Chances are you have salt on the dinner table every night, but a recent study has shown that your commonly used seasoning may actually be contaminated with microplastics.
Microplastics are tiny pieces of plastic smaller than five millimetres, which are formed when larger plastic products such as bottles break down.
The study, published in the peer-reviewed Environmental Science & Technology journal, analysed a selection of table salt brands from 21 countries across Europe, the Americas, Asia and Africa. It found that 36 of the 39 tested brands (over 90 per cent of the sample) contained particles of plastic. This raises serious concerns about the extent of plastic pollution, as well as how much plastic humans are consuming.
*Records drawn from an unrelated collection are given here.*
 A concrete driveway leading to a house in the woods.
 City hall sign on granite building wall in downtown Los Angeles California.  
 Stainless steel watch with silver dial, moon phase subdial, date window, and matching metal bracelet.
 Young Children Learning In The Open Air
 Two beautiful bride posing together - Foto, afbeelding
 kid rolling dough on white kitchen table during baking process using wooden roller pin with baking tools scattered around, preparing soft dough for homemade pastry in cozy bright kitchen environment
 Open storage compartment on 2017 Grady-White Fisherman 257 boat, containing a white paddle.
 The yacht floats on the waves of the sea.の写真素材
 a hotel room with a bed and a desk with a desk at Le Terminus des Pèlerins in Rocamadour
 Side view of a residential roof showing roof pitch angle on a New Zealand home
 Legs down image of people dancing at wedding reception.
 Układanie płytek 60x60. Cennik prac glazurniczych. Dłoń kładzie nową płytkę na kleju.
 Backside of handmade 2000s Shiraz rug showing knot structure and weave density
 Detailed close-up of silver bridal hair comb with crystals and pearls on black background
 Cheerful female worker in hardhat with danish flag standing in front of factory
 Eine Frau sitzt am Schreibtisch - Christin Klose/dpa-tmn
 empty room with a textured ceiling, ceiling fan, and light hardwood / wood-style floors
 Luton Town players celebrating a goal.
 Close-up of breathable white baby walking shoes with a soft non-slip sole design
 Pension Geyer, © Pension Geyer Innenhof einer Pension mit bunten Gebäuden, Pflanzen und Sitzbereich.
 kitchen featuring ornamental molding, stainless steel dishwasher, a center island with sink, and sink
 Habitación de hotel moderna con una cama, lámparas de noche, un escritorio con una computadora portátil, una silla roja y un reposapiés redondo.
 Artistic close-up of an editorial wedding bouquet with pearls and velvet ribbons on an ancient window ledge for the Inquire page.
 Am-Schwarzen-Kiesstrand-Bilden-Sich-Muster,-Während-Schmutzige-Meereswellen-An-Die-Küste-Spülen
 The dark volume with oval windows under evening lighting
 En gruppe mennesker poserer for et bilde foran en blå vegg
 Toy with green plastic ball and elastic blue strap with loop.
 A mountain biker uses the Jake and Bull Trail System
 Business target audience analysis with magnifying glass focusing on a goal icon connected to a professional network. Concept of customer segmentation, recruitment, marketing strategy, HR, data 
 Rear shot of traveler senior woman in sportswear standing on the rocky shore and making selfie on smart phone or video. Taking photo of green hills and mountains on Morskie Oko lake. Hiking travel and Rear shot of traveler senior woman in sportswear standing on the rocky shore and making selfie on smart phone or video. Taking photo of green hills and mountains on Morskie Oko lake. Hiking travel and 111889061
The levels of microplastics were found to be the highest in sea salt, followed by lake salt and then rock salt. This is perhaps unsurprising, given that according to the United Nations, nearly 13 million tonnes of plastic enters the world’s oceans every year.
The density of microplastics found in the salt also varied among different brands, but the study revealed that salts from Asian countries were particularly contaminated. The greatest quantities of microplastics were found in salt sold in Indonesia – which in 2015 was rated as the country with the second-highest level of plastic pollution in the world.
The study estimates that the average adult consumes approximately 2000 microplastics per year through salt. This adds to the microplastics we are potentially consuming through the food chain, and research this year has also suggested we could be ingesting them through bottled water and beer. The health impact of consuming microplastics is not currently known, though the US National Institutes of Health has said that it could cause harm through “physical and chemical pathways.”